Die Regeln am Westensee setzt Landesanglerverband Schleswig-Holstein e.V. (LAV-SH). Angelkarte und Gewässerordnung des Bewirtschafters gehen im Zweifel dem Landesrecht vor - prüfen Sie vor dem Angeln die aktuell gültigen Bestimmungen Ihres Reviers.

Häufige Fragen zum Westensee

Warum ist der Westensee für Barschangler so interessant?

Hecht und Barsch haben am Westensee laut Bewirtschafter einen herausragenden Ruf. Besonders der Barsch macht den See attraktiv: Ab Juni 'drehen' die Barsche auf und zeigen im Spätsommer sichtbare Oberflächenjagden - man sieht die jagenden Schwärme im Flachwasser.

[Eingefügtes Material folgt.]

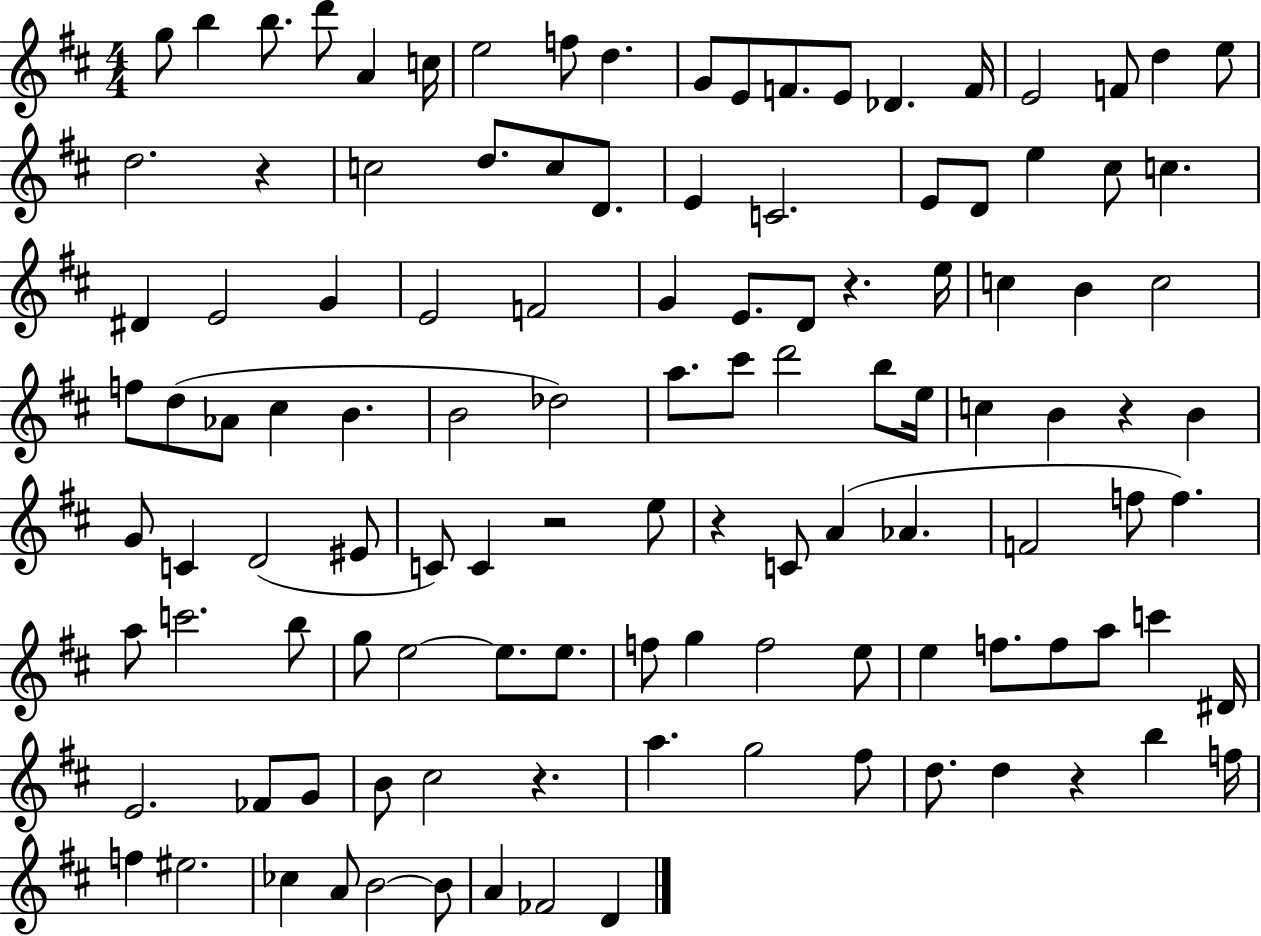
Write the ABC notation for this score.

Die Barsche wachsen hier zudem gut ab, kapitale Exemplare sind möglich. Der rund 692 Hektar große See mit seinen steilen Kanten und Flachwasserzonen bietet ideale Bedingungen; geangelt wird ausschließlich vom Boot.

Darf man am Westensee vom Ufer angeln?

Nein. Am Westensee gilt die Bewirtschafter-Sonderregel, dass ausschließlich vom Boot geangelt wird - Boote sind vor Ort mietbar. Die Saison beginnt am 1. Mai. Weil der See ein FFH- und Naturschutzgebiet ist, gelten außerdem Abstandsregeln zu den Schilf- und Schutzzonen, die man einhalten muss. Bewirtschafter ist der Landesanglerverband Schleswig-Holstein; die verbindlichen Werte stehen auf dem Erlaubnisschein.

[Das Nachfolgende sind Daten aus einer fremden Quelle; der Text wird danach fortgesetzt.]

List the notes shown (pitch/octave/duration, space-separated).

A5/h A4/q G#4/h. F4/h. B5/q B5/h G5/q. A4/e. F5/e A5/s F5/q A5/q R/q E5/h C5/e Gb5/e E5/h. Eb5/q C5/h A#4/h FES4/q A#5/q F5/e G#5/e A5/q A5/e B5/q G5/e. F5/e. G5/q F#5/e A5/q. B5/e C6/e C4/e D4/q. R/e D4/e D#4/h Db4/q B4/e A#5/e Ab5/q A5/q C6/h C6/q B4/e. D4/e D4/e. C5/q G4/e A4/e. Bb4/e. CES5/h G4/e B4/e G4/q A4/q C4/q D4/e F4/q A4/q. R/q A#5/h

Welche Fangregeln gelten am Westensee?

Hecht und Zander sind am Westensee geschont; der Barsch dagegen ist ohne Mindestmaß und in unbegrenzter Menge entnehmbar. Für den Aal gilt der Binnen-Landeswert von 50 cm. Zentrale Rahmenbedingungen sind das Bootsangel-Gebot, der Saisonstart am 1. Mai und die FFH-Abstandsregeln zu Schilf- und Schutzzonen. Die konkreten Werte für Hecht und Zander sowie weitere Details prüft man über den Erlaubnisschein des LAV Schleswig-Holstein.